On the basis of the seismic interpretation, including changes in internal seismic facies and the identification of regional key horizons, the sedimentary success is subdivided into four seismic units: FA, FB, FC and FD (Figure 5). FA is the lowermost unit overlain by inferred BSR. The overall internal seismic facies of FA shows the high amplitude and parallel reflections with high continuity. In this unit, a dim spot that abruptly decreased the amplitude is observed between 140 and 153 mbsf (Figure 5). The sedimentary core recovered in the drilling site UBGH2-6 shows that FA is correlated to the interval in which the frequency and individual thickness of turbidite sand layers increase and to the high-resistivity response zone interpreted as a highly saturated gas hydrate-bearing zone [36]. The overlying units (FB, FC and FD) are characterized by relatively low-amplitude reflections with high continuity. These units are bounded by regionally well-stratified key horizons. These units are correlated to the interval in which the frequency and individual thickness of turbidite sand layers are decreased. Moreover, in the study area, two normal faults are observed at the southwestern part of site UBGH2-6 within 1 km in distance (Figure 5 and Figure 6). These faults in the vertical seismic profile cut the seismic units, including FA, FB, FC and FD, showing that these faults have been recently activated. The observed BSR in the seismic profile is cross-cutting these faults (Figure 5).
The geological model is built for the production simulation of gas hydrate in the Ulleung Basin. The model area is defined as a square of 5 km by 5 km in size centered on the site UBGH2-6, as shown in Figure 7. For the structural frame of this geological model, the present study uses the surfaces binding each seismic unit and two deep-seated faults (Figure 7). Zones within the model are consequently set as four zones, and the lowermost boundary is set as inferred BSR (Figure 7). In the gridding step, which laterally divides the modeling area, the lateral size (I and J direction) is defined as 100 m by 100 m, considering the bin size of the 3D seismic data and the lateral extension of deep turbidite, which are input data confining the horizontal resolution.
To reflect the geological information in the reservoir model, this study defines HBS and upscales the properties related with gas hydrate, such as gas hydrate saturation and porosity. Herein, the HBS is defined as a porous sedimentary layer including pore-filling gas hydrate. With regard to gas hydrate occurrence, the sedimentary succession highly concentrated with gas hydrate at site UBGH2-6 approximately ranges from 140 to 153 mbsf. This occurrence zone is correlated with the dimming zone in the FA unit. These individual HBS can be selected by using well log and core analysis. The cross-plot between the gas hydrate saturation and grain size shows linear correlation, and the gas hydrate-bearing porous layer has more than 18.8% in saturation [40]. On the basis of the cut-off value, we roughly identified HBS within vertical resolution of the calculated saturation. Compared with the sedimentary cores, we selected 14 HBS within the GHSZ. Thus, the reservoir model in this study is composed of 14 sand layers and 13 shale ones, as shown in Figure 8 [40]. The range of hydrate saturation is 38.8~86.2%. The overburden thickness is 140 m and the HBS thickness is 13 m.

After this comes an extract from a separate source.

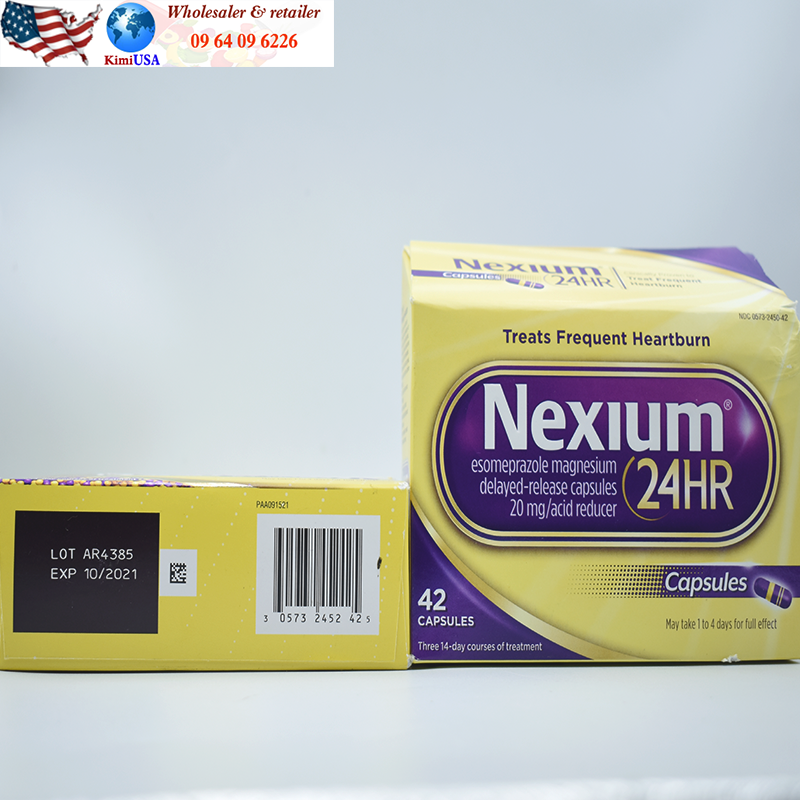 Nexium 20mg 24hr – Viên uống hỗ trợ điều trị viêm loét dạ dày, ợ nóng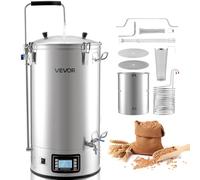 VEVOR Sistema Eléctrico de Elaboración de Cerveza, Olla de Cocción de 60 litros, Cuba de Maceración con Memoria de Recetas, Modo Automático/Manual, Panel de Control y Tubo de Circulación, Plata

3. Reservoir Simulation Approach

3.1. Reservoir Simulator

In the simulation of gas hydrate production, many conditions, such as multiple components, phase transition and thermal and geomechanical response, should be considered, unlike in general oil and gas production simulation. Accordingly, the numerical simulator is of great significance. There are various numerical simulators for gas hydrate simulation, for example, TOUGH + HYDRATE of LBNL, STOMP-HYD of PNNL, MH-21 of NIAIST, HydrateResSim of LBNL and STARS of CMG [41]. These models have confirmed their accuracy and suitability through comparative studies by many researchers [42,43,44]. STARS, which is a commercial reservoir simulator with a thermal and geomechanical model, can describe hydrate reservoirs. This simulator includes the Kim–Bishnoi kinetic parameters that can describe heat of dissociation and hydrate thermodynamic stability, which is the core mechanism for hydrate simulation [45]. In this study, STARS 2009 version is utilized as the simulator of gas hydrate simulation to consider the geomechanical response and reservoir model on a large scale.

3.2. Reservoir Model

The reservoir model is set up using the developed geological model. Figure 9 shows the reservoir model in this study. The initial model is discretized into 50 × 47 × 58 = 136,300 gridblocks. This number of gridblocks is not too large for the general black oil simulation. However, the grid size in the I and J direction is 100 m in the original system. In the large grid size system, hydrate dissociation for the production of gas hydrate is not easily acquired because it is hard to lower the grid pressure. Most hydrate reservoir simulation studies using cylindrical systems have adopted very small grid size systems, especially near the production well. Accordingly, this model is cropped to 10 × 10 × 58 in order to prevent the number of grids becoming too large after the refinement of the reservoir model, with an example shown by the red line rectangle in Figure 9. Then, all of the grids are refined in the I and J direction. In particular, the grids near the production wells are very small, less than 1 m, to consider hydrate dissociation. The number of total grids in this system is 106 × 106 × 58 = 651,688. Due to the generally low permeability of the system and the relative abundance of clays, the well spacing is restricted to 500 m [46]. Therefore, four vertical production wells are located with 500 m well spacing.
Table 1 represents the input parameters used in this study. Sand porosity is 45% and mud porosity is 67%. The intrinsic permeability of sand is 1.78 × 10−13 and that of mud is 2.00 × 10−13. The thickness, porosities and hydrate saturation of the HBS are shown in Figure 8. In particular, we use different values of Young’s modulus according to the hydrate saturation. The reservoir model of this study uses experimental data, such as the relative permeability model and the dynamic permeability model, which is a function of the solid (hydrate), as illustrated in Figure 10 and Figure 11 [3,40]. The experimental results of relative permeability were validated with the results of X-ray CT (computerized tomography), and it showed good matching results [40]. In addition, even though the intrinsic permeability was different with each sample, the permeability reduction trends with increasing hydrate saturation were similar for all the samples [3].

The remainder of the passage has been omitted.